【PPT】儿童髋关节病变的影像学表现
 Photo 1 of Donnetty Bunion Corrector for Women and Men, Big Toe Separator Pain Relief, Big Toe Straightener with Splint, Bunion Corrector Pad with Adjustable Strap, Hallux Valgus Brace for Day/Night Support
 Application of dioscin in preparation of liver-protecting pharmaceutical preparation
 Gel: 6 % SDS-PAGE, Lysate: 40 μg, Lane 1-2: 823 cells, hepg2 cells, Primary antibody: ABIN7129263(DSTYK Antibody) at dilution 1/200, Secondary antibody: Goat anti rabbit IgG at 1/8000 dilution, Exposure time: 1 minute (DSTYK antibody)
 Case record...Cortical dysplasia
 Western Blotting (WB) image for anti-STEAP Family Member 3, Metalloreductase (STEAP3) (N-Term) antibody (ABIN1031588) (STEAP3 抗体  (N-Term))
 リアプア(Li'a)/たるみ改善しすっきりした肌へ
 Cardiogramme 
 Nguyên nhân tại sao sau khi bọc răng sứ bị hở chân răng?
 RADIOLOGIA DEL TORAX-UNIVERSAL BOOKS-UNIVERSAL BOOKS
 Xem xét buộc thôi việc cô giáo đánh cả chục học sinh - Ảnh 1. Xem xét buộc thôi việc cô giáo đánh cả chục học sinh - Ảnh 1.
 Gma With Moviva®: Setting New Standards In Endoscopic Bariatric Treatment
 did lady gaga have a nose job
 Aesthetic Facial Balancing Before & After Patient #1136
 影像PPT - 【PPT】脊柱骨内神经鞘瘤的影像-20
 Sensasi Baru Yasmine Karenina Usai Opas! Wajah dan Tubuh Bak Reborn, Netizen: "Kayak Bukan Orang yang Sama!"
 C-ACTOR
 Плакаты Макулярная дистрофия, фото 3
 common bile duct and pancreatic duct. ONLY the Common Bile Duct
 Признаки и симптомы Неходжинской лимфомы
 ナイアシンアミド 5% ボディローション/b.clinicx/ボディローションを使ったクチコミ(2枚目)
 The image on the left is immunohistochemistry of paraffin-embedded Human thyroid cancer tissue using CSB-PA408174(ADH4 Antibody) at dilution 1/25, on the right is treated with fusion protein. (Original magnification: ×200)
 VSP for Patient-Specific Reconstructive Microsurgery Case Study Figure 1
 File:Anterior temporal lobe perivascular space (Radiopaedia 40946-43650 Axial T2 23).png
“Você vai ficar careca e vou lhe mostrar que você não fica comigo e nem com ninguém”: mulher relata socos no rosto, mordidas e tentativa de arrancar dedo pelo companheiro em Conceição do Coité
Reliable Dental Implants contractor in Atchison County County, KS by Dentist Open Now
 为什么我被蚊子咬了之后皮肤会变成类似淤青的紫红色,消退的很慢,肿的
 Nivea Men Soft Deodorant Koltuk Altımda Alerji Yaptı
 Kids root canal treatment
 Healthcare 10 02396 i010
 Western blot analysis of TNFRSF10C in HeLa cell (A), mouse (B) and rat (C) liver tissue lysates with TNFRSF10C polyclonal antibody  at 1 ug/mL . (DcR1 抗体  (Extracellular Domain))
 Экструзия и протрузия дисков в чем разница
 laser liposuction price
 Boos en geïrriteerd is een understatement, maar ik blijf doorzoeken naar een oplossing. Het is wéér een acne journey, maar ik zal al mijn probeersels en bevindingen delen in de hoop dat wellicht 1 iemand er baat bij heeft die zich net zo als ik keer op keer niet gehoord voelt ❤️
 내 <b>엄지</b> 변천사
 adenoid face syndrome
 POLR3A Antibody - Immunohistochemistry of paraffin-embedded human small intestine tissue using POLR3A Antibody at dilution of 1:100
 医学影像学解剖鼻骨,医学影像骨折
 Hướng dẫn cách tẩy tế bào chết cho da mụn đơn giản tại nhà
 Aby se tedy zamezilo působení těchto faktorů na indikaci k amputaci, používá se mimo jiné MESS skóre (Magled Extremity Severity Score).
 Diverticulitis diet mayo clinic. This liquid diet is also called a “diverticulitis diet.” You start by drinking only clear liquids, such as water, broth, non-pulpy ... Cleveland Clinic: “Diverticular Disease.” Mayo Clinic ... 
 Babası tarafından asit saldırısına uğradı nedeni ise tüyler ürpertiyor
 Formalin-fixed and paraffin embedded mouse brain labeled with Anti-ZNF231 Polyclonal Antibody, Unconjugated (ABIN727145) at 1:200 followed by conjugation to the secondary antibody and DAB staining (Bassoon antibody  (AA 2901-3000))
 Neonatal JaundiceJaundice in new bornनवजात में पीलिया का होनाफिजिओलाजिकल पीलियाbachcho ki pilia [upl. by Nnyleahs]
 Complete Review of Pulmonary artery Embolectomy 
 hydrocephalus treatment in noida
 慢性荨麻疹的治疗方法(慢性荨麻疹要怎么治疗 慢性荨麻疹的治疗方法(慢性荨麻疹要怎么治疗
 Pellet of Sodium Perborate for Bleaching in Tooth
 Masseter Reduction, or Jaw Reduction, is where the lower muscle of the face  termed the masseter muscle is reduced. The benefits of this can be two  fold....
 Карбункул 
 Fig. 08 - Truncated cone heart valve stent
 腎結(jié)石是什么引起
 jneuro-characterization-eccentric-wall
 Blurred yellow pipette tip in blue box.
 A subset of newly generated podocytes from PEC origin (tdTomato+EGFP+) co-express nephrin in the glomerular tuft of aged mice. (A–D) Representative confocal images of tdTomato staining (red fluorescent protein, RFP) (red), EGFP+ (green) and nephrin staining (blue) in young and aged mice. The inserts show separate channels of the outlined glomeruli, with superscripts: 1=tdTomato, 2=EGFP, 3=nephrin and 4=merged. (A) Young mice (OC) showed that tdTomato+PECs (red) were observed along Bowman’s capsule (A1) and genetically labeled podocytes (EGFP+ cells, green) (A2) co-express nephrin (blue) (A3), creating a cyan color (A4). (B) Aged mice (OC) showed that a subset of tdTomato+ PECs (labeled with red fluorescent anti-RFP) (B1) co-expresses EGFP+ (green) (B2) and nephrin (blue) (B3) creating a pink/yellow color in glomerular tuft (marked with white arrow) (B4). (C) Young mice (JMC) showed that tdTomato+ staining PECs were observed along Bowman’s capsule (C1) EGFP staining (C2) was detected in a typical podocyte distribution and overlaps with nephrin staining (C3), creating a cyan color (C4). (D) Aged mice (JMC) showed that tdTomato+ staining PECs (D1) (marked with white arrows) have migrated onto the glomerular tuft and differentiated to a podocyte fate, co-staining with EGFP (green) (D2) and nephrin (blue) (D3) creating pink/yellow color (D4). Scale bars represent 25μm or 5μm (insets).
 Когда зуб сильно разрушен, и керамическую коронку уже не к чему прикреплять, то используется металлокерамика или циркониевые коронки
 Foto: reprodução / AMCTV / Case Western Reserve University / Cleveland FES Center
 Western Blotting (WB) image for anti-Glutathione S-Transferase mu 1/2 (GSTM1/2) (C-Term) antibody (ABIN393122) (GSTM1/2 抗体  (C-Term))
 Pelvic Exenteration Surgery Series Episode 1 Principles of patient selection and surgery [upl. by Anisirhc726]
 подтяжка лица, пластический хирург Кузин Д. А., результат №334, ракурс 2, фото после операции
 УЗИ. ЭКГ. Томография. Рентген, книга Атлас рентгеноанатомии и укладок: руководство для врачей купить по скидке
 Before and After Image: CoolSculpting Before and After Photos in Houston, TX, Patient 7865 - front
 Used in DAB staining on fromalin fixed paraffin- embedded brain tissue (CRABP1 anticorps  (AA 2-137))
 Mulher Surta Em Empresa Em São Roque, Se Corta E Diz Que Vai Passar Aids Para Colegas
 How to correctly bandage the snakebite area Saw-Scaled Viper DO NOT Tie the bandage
++++++++++++++++++++
■ Task brief ■
Reprint the listing above. Keep every line exactly as it is.

■ Answer box ■
【PPT】儿童髋关节病变的影像学表现
 Photo 1 of Donnetty Bunion Corrector for Women and Men, Big Toe Separator Pain Relief, Big Toe Straightener with Splint, Bunion Corrector Pad with Adjustable Strap, Hallux Valgus Brace for Day/Night Support
 Application of dioscin in preparation of liver-protecting pharmaceutical preparation
 Gel: 6 % SDS-PAGE, Lysate: 40 μg, Lane 1-2: 823 cells, hepg2 cells, Primary antibody: ABIN7129263(DSTYK Antibody) at dilution 1/200, Secondary antibody: Goat anti rabbit IgG at 1/8000 dilution, Exposure time: 1 minute (DSTYK antibody)
 Case record...Cortical dysplasia
 Western Blotting (WB) image for anti-STEAP Family Member 3, Metalloreductase (STEAP3) (N-Term) antibody (ABIN1031588) (STEAP3 抗体  (N-Term))
 リアプア(Li'a)/たるみ改善しすっきりした肌へ
 Cardiogramme 
 Nguyên nhân tại sao sau khi bọc răng sứ bị hở chân răng?
 RADIOLOGIA DEL TORAX-UNIVERSAL BOOKS-UNIVERSAL BOOKS
 Xem xét buộc thôi việc cô giáo đánh cả chục học sinh - Ảnh 1. Xem xét buộc thôi việc cô giáo đánh cả chục học sinh - Ảnh 1.
 Gma With Moviva®: Setting New Standards In Endoscopic Bariatric Treatment
 did lady gaga have a nose job
 Aesthetic Facial Balancing Before & After Patient #1136
 影像PPT - 【PPT】脊柱骨内神经鞘瘤的影像-20
 Sensasi Baru Yasmine Karenina Usai Opas! Wajah dan Tubuh Bak Reborn, Netizen: "Kayak Bukan Orang yang Sama!"
 C-ACTOR
 Плакаты Макулярная дистрофия, фото 3
 common bile duct and pancreatic duct. ONLY the Common Bile Duct
 Признаки и симптомы Неходжинской лимфомы
 ナイアシンアミド 5% ボディローション/b.clinicx/ボディローションを使ったクチコミ(2枚目)
 The image on the left is immunohistochemistry of paraffin-embedded Human thyroid cancer tissue using CSB-PA408174(ADH4 Antibody) at dilution 1/25, on the right is treated with fusion protein. (Original magnification: ×200)
 VSP for Patient-Specific Reconstructive Microsurgery Case Study Figure 1
 File:Anterior temporal lobe perivascular space (Radiopaedia 40946-43650 Axial T2 23).png
“Você vai ficar careca e vou lhe mostrar que você não fica comigo e nem com ninguém”: mulher relata socos no rosto, mordidas e tentativa de arrancar dedo pelo companheiro em Conceição do Coité
Reliable Dental Implants contractor in Atchison County County, KS by Dentist Open Now
 为什么我被蚊子咬了之后皮肤会变成类似淤青的紫红色,消退的很慢,肿的
 Nivea Men Soft Deodorant Koltuk Altımda Alerji Yaptı
 Kids root canal treatment
 Healthcare 10 02396 i010
 Western blot analysis of TNFRSF10C in HeLa cell (A), mouse (B) and rat (C) liver tissue lysates with TNFRSF10C polyclonal antibody  at 1 ug/mL . (DcR1 抗体  (Extracellular Domain))
 Экструзия и протрузия дисков в чем разница
 laser liposuction price
 Boos en geïrriteerd is een understatement, maar ik blijf doorzoeken naar een oplossing. Het is wéér een acne journey, maar ik zal al mijn probeersels en bevindingen delen in de hoop dat wellicht 1 iemand er baat bij heeft die zich net zo als ik keer op keer niet gehoord voelt ❤️
 내 <b>엄지</b> 변천사
 adenoid face syndrome
 POLR3A Antibody - Immunohistochemistry of paraffin-embedded human small intestine tissue using POLR3A Antibody at dilution of 1:100
 医学影像学解剖鼻骨,医学影像骨折
 Hướng dẫn cách tẩy tế bào chết cho da mụn đơn giản tại nhà
 Aby se tedy zamezilo působení těchto faktorů na indikaci k amputaci, používá se mimo jiné MESS skóre (Magled Extremity Severity Score).
 Diverticulitis diet mayo clinic. This liquid diet is also called a “diverticulitis diet.” You start by drinking only clear liquids, such as water, broth, non-pulpy ... Cleveland Clinic: “Diverticular Disease.” Mayo Clinic ... 
 Babası tarafından asit saldırısına uğradı nedeni ise tüyler ürpertiyor
 Formalin-fixed and paraffin embedded mouse brain labeled with Anti-ZNF231 Polyclonal Antibody, Unconjugated (ABIN727145) at 1:200 followed by conjugation to the secondary antibody and DAB staining (Bassoon antibody  (AA 2901-3000))
 Neonatal JaundiceJaundice in new bornनवजात में पीलिया का होनाफिजिओलाजिकल पीलियाbachcho ki pilia [upl. by Nnyleahs]
 Complete Review of Pulmonary artery Embolectomy 
 hydrocephalus treatment in noida
 慢性荨麻疹的治疗方法(慢性荨麻疹要怎么治疗 慢性荨麻疹的治疗方法(慢性荨麻疹要怎么治疗
 Pellet of Sodium Perborate for Bleaching in Tooth
 Masseter Reduction, or Jaw Reduction, is where the lower muscle of the face  termed the masseter muscle is reduced. The benefits of this can be two  fold....
 Карбункул 
 Fig. 08 - Truncated cone heart valve stent
 腎結(jié)石是什么引起
 jneuro-characterization-eccentric-wall
 Blurred yellow pipette tip in blue box.
 A subset of newly generated podocytes from PEC origin (tdTomato+EGFP+) co-express nephrin in the glomerular tuft of aged mice. (A–D) Representative confocal images of tdTomato staining (red fluorescent protein, RFP) (red), EGFP+ (green) and nephrin staining (blue) in young and aged mice. The inserts show separate channels of the outlined glomeruli, with superscripts: 1=tdTomato, 2=EGFP, 3=nephrin and 4=merged. (A) Young mice (OC) showed that tdTomato+PECs (red) were observed along Bowman’s capsule (A1) and genetically labeled podocytes (EGFP+ cells, green) (A2) co-express nephrin (blue) (A3), creating a cyan color (A4). (B) Aged mice (OC) showed that a subset of tdTomato+ PECs (labeled with red fluorescent anti-RFP) (B1) co-expresses EGFP+ (green) (B2) and nephrin (blue) (B3) creating a pink/yellow color in glomerular tuft (marked with white arrow) (B4). (C) Young mice (JMC) showed that tdTomato+ staining PECs were observed along Bowman’s capsule (C1) EGFP staining (C2) was detected in a typical podocyte distribution and overlaps with nephrin staining (C3), creating a cyan color (C4). (D) Aged mice (JMC) showed that tdTomato+ staining PECs (D1) (marked with white arrows) have migrated onto the glomerular tuft and differentiated to a podocyte fate, co-staining with EGFP (green) (D2) and nephrin (blue) (D3) creating pink/yellow color (D4). Scale bars represent 25μm or 5μm (insets).
 Когда зуб сильно разрушен, и керамическую коронку уже не к чему прикреплять, то используется металлокерамика или циркониевые коронки
 Foto: reprodução / AMCTV / Case Western Reserve University / Cleveland FES Center
 Western Blotting (WB) image for anti-Glutathione S-Transferase mu 1/2 (GSTM1/2) (C-Term) antibody (ABIN393122) (GSTM1/2 抗体  (C-Term))
 Pelvic Exenteration Surgery Series Episode 1 Principles of patient selection and surgery [upl. by Anisirhc726]
 подтяжка лица, пластический хирург Кузин Д. А., результат №334, ракурс 2, фото после операции
 УЗИ. ЭКГ. Томография. Рентген, книга Атлас рентгеноанатомии и укладок: руководство для врачей купить по скидке
 Before and After Image: CoolSculpting Before and After Photos in Houston, TX, Patient 7865 - front
 Used in DAB staining on fromalin fixed paraffin- embedded brain tissue (CRABP1 anticorps  (AA 2-137))
 Mulher Surta Em Empresa Em São Roque, Se Corta E Diz Que Vai Passar Aids Para Colegas
 How to correctly bandage the snakebite area Saw-Scaled Viper DO NOT Tie the bandage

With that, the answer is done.